We have been told that contact lens wearers have a greater risk of transmission in a splash-incident than non-contact lens wearers, given that the  contact lens wearer’s cornea may have small irritations, inflammatory reactions and stromal or epithelial thinning.

I kind of just accepted it as truth, but my optometrist had never heard of this theory before. A literature search did not reveal any studies on the matter either. The most I got was that individuals wearing contact lenses at the time of the splash incident should keep the lens in the eye while rinsing it, as it acts as an additional barrier.

Now I am wondering: is this just an urban legend passed from one student to the other? The optometrist said that he would ask around. Does anyone here have any idea?


  1. Wow that is very alarming!!! Thanks for the 411

  2. KokkieH says:

    I would think the issue is rather that if you’re wearing glasses there’s a smaller risk of fluids actually touching your eye as they cover the whole eye. Lenses only cover the cornea, but not the rest of the exposed eyeball, so the exposure risk is greater. But someone wearing neither obviously have the greatest risk, as there’s no physical barrier protecting the eye.

    I always knew poor eyesight had a use 😉

  3. crankygiraffe says:

    Interesting! I’ve never heard of that. In fact, I just started wearing contacts because I was getting tired of my glasses getting dirty, having to wear shields over top of glasses, and I hated how they always fogged up in the OR. I sure hope that it is just an urban legend!!!
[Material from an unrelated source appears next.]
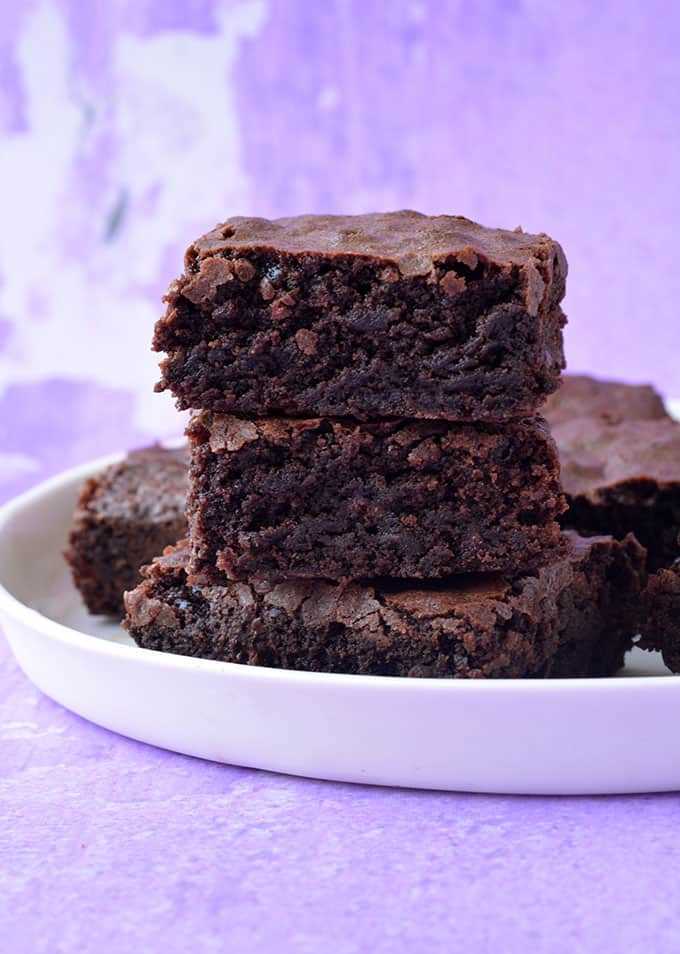 How does the absence of eggs affect the texture of brownies?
    1. I have the same issue with glasses – I also have a strong astigmatism so if my glasses get bumped a little and I’m scrubbed in it’s a rather big problem! Contacts are way nice, except when you have a long shift and they get a little tired… I’ll let you know if I hear anything of substance!

  4. TrishaDM says:

    I have heard something similar, not just with things like HIV transmission, but also chemicals and things. I am not sure how much of it was lens irritation increasing risk versus the fact that glasses act as a shield and also that the lenses may keep the splattered material nearer the eye than if you have contacts in place. I have no clue how much is myth and how much is based on theories or cases.
    I have never worn contacts, so I never really looked into it.
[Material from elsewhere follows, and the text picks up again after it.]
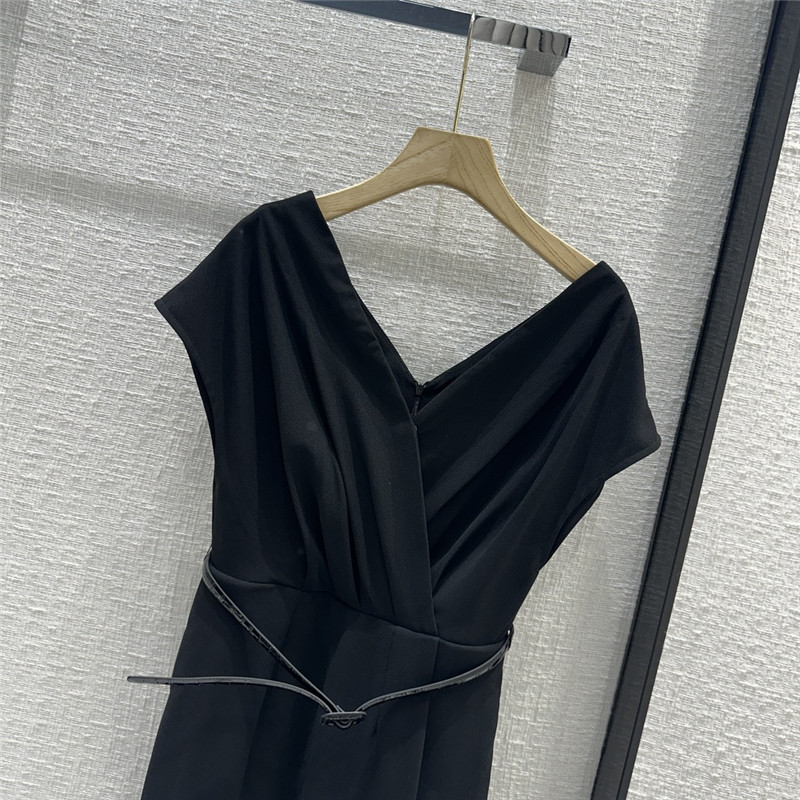 D10r drop shoulder deep v-neck dress replica clothes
    1. Okay – maybe if I search for chemicals instead of blood products I’ll get more info. Thanks!

  5. Renate says:

    I seriously had a fangirl moment when I saw you had commented on my blog. (Insert sheepish smile here…)
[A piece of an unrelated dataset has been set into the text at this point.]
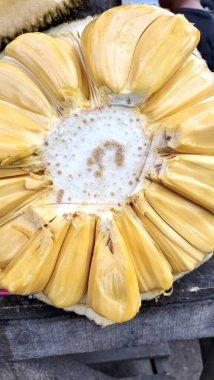 Kapalı fotoğraf Vibrant sarı Jackfruit dilimleri, özenle düzenlenmiş, sulu dokuları ve tropikal cazibesini sergiliyor. Gıda, sağlık ve egzotik meyve temalı projeler ya da mutfak görselleri için mükemmel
    I have to say, I haven’t heard of contact lenses increasing risk of transmission. I would agree with the above posters that glasses decrease the risk of splatter into the eyes, but I think that’s about as far as it goes…?

    Good luck with Nano!

    1. That’s so sweet! Have I really not commented on on your blog before??
      Thanks for popping by – NaNo seems to be going okaaaay… Good luck to you too!